Male band-tailed caciques average about 33 cm long and 118 g. Females average about 24.5 cm long and 75 g. The sexes have essentially the same plumage though females are a duller black than males. Adults are mostly velvety black. Their crown, nape, and upper back are chestnut and their wings have a bluish gloss. Their central tail feathers are black and the rest are yellow with black tips. They have a pale blue iris and black legs and feet. Their bill can be ivory-colored with a dusky wash on the tip or have a dusky gray maxilla and an ivory mandible.

==Distribution and habitat==

The band-tailed cacique is a bird of the far western Amazon Basin. Its range includes extreme southern Amazonas Department in far southern Colombia and scattered locations in eastern Ecuador. In Peru it is found through most of Loreto and the northern half of Ucayali departments and slightly beyond their borders to the west. Its range continues east from Peru into the western parts of far western Brazil's Amazonas and Acre states.

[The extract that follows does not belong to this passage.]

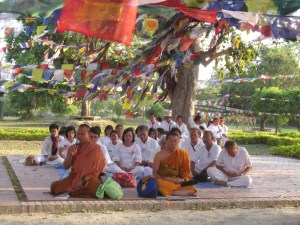 Monks with microphones under prayer flags strung between bodhi trees, Lumbini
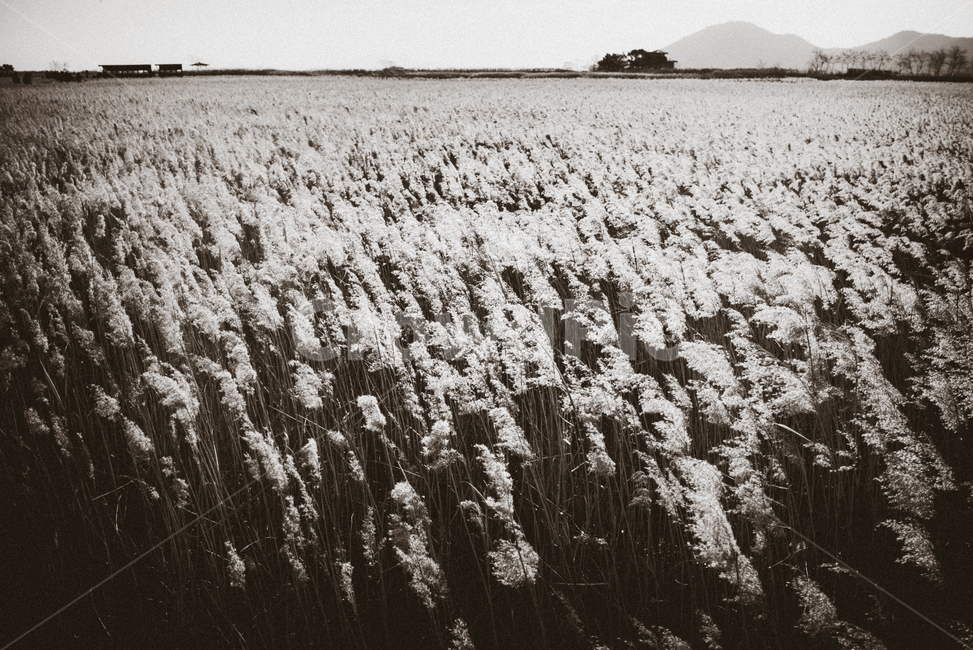 억새,억새풀,식물,plant,갈대,grain,잔디,reed,가을,계절,fall,autumn,season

The band-tailed cacique primarily inhabits várzea forest along rivers and islands in them. It has been reported in terra firme forest near rivers. In elevation it is found below about 100 m in Colombia and below about 300 m in Ecuador and Brazil.

==Behavior==
===Movement===

The band-tailed cacique is believed to be a sedentary year-round resident.

===Feeding===

The band-tailed cacique's diet is known to include caterpillars and fruits and is assumed to also include other arthropods, small vertebrates, and nectar. It usually forages in small groups below the forest's canopy but has been noted in much greater numbers as members of mixed-species feeding flocks.

===Breeding===

The band-tailed cacique's breeding season includes August and September in most of its range. It breeds solitarily or in colonies of up to about 20 nests. Its nest is an open-topped bag or purse suspended from a tree branch. Nothing else is known about the species' breeding biology.

===Vocalization===

The band-tailed cacique's song is "a fairly short twanging ka'CHAWWW or CHOOO interspersed with higher rusty squeaks". Its calls are "rich, throaty g'luck, rhaw, and chaw notes".

==Status==

The IUCN has assessed the band-tailed cacique as being of Least Concern. Its population size is not known and is believed to be decreasing. No immediate threats have been identified. It is considered "uncommon and erratic" in Colombia, "very rare" in Ecuador, "uncommon" in Peru, and "uncommon to rare" in Brazil. It occurs in a few protected areas.